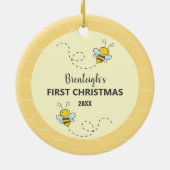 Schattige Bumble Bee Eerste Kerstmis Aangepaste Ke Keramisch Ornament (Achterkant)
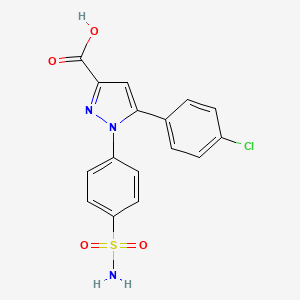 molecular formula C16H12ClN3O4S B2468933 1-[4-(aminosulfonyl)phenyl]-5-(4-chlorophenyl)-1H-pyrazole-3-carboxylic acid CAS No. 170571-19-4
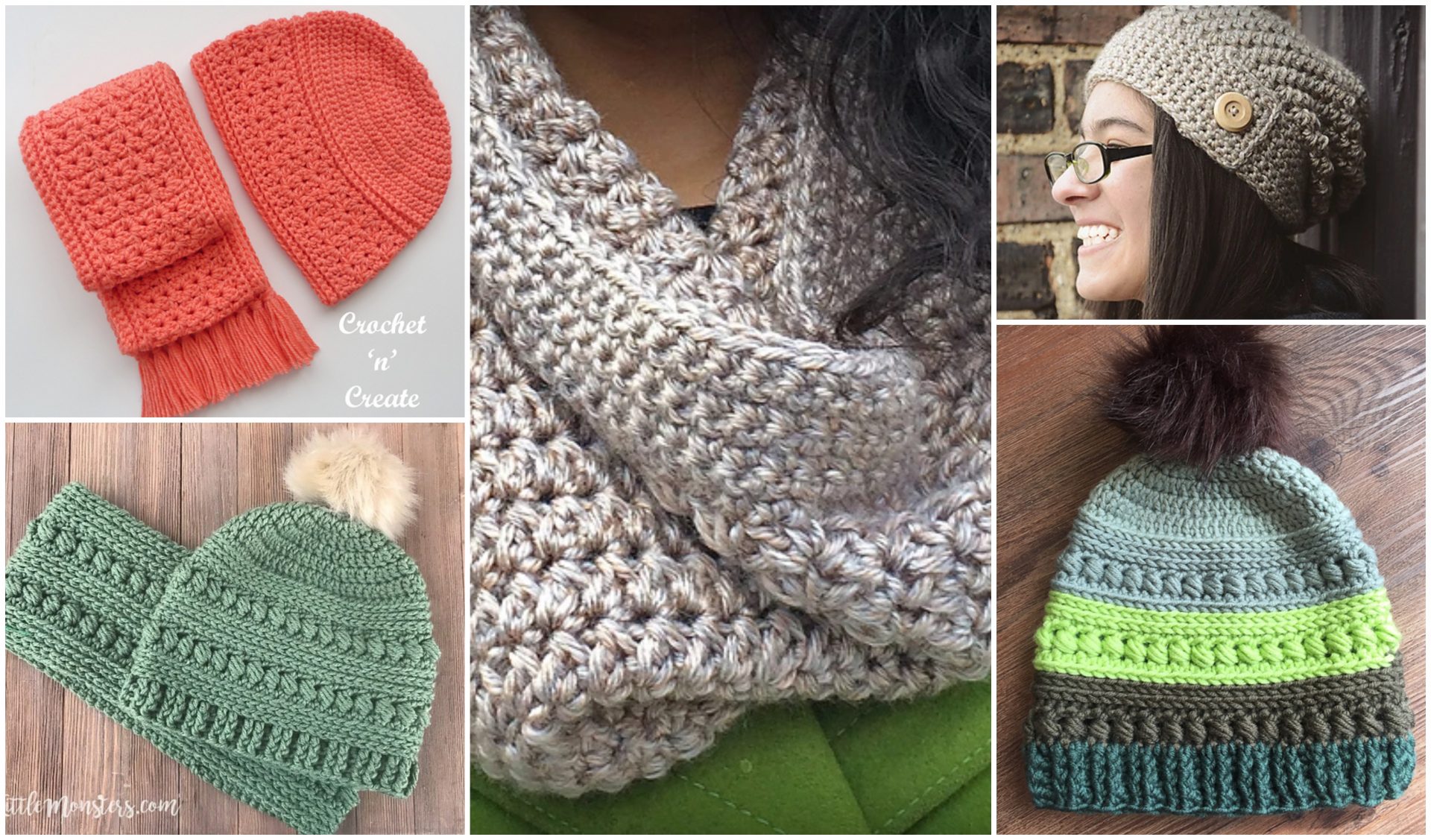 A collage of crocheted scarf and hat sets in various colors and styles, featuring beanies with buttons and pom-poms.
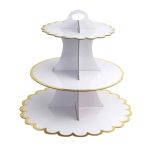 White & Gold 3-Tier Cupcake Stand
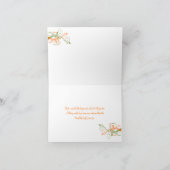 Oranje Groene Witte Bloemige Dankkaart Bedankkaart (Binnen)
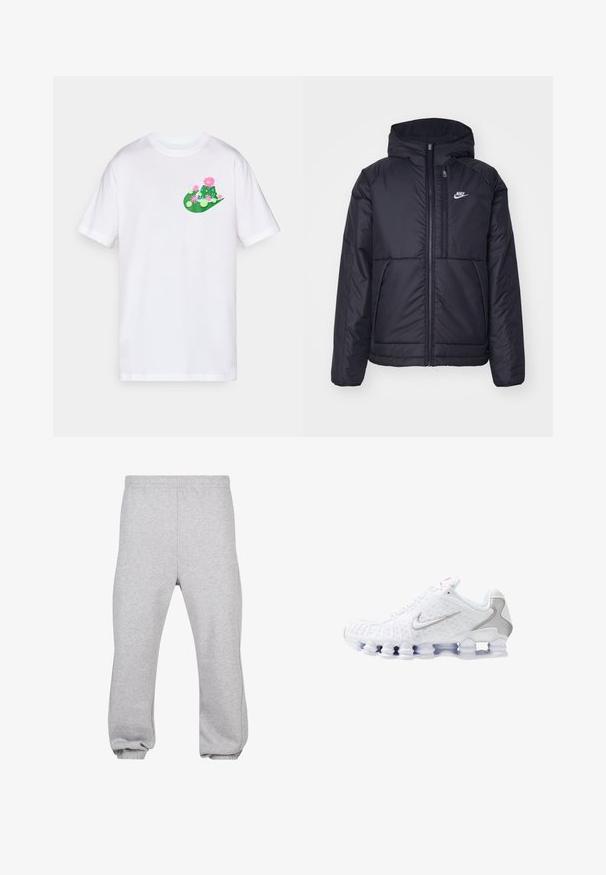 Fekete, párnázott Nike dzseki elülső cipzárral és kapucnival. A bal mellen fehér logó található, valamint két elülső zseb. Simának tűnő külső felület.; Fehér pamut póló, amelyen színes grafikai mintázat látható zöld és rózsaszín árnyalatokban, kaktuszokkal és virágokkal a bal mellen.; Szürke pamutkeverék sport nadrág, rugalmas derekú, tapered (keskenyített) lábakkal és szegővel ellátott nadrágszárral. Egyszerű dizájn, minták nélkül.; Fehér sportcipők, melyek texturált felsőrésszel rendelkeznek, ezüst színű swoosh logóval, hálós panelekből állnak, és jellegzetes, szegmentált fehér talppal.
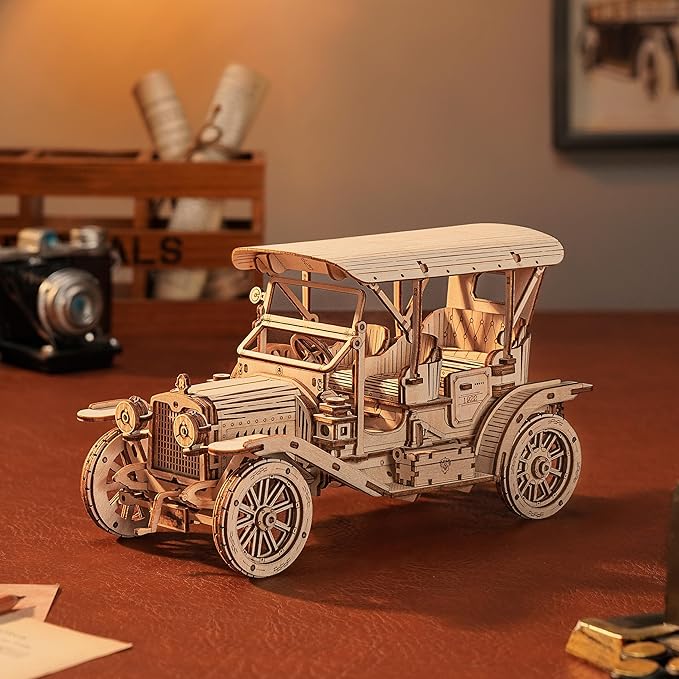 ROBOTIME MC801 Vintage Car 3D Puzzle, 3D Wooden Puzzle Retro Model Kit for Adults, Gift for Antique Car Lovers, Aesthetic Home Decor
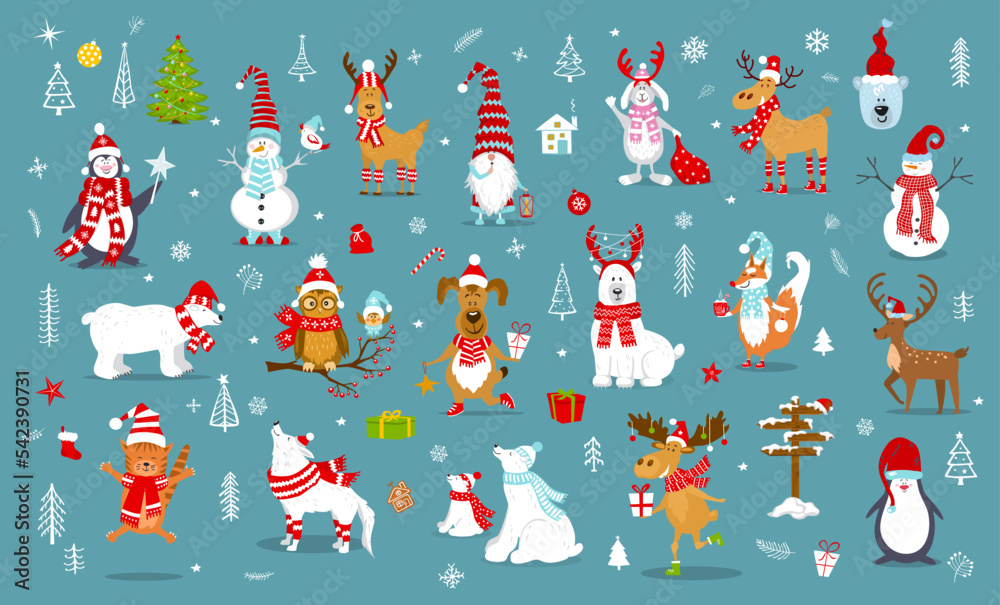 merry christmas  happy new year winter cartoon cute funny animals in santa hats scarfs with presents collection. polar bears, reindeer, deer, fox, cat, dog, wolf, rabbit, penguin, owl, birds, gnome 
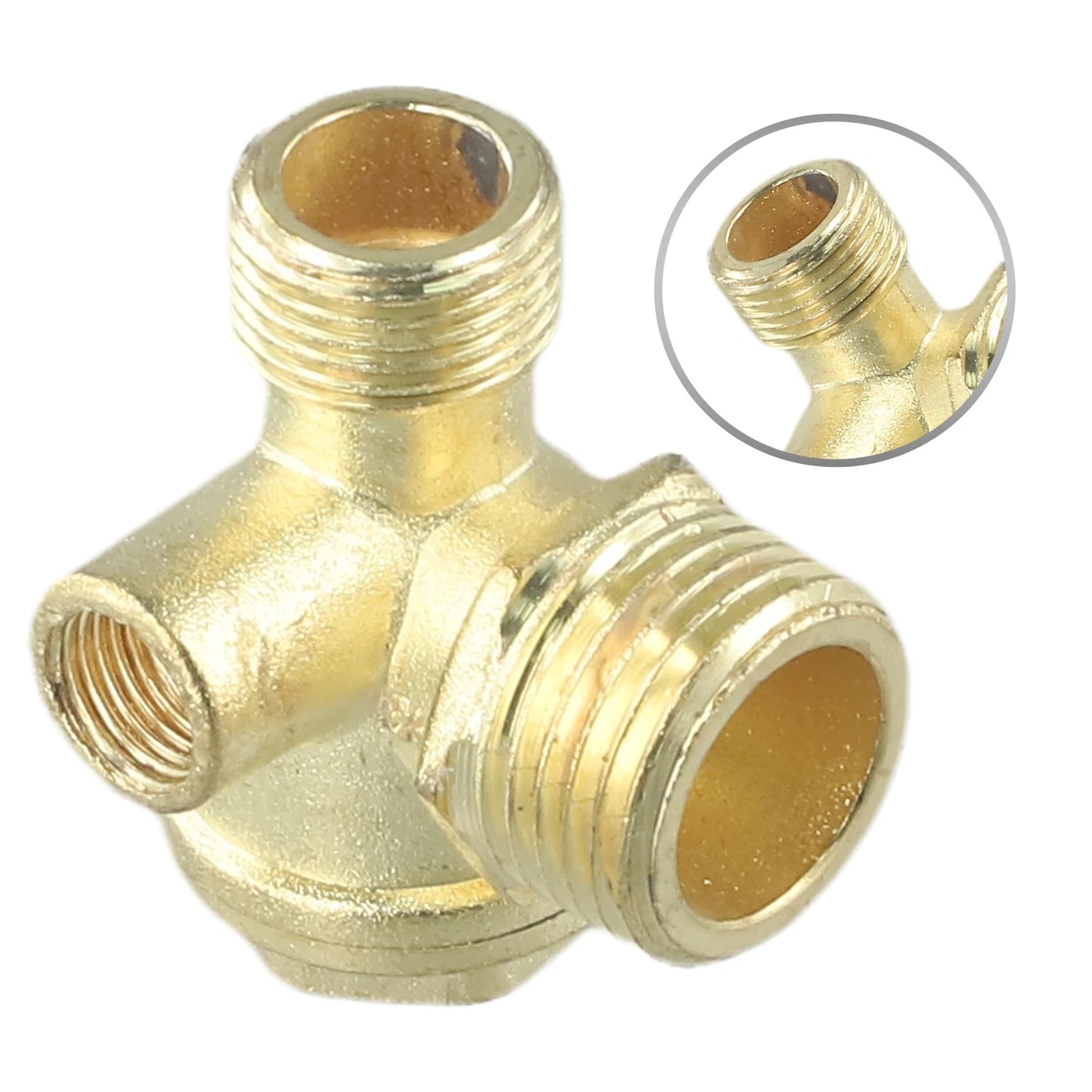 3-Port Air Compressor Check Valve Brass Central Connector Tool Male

* * *

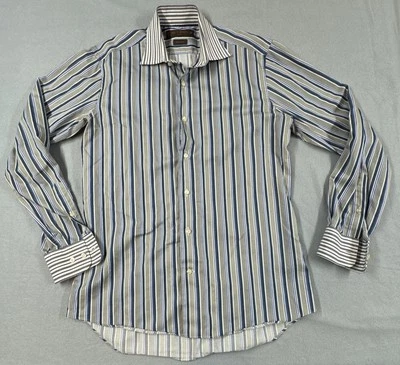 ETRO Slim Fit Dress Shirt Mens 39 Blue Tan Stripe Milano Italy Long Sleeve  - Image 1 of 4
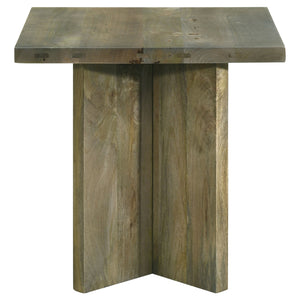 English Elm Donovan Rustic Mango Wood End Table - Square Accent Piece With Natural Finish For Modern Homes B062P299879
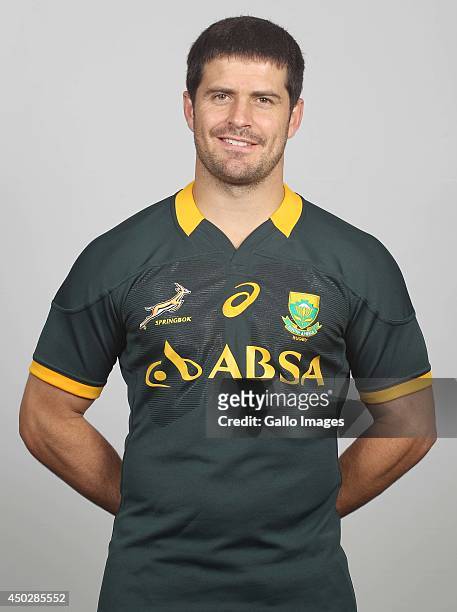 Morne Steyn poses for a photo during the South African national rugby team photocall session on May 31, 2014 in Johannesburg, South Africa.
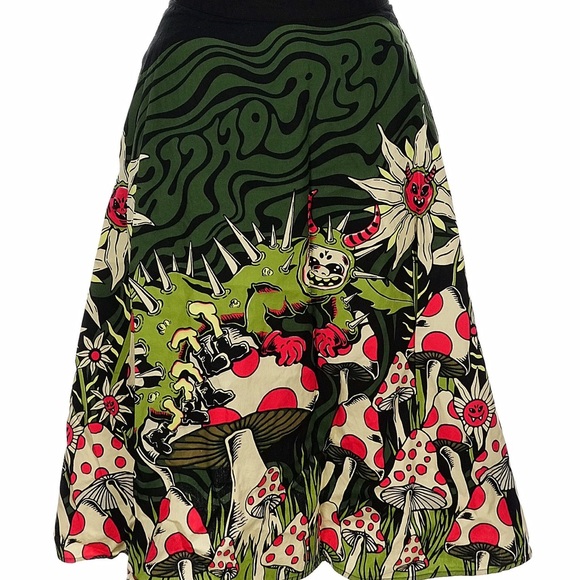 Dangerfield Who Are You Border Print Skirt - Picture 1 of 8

**EXERCISE DESCRIPTION:**
Among the entries above, take the line with "White & Gold 3-Tier Cupcake Stand", the line with "Oranje Groene Witte", and all the lines between them, and restate them word for word without pictures.

**ANSWER SECTION:**
 White & Gold 3-Tier Cupcake Stand
 Oranje Groene Witte Bloemige Dankkaart Bedankkaart (Binnen)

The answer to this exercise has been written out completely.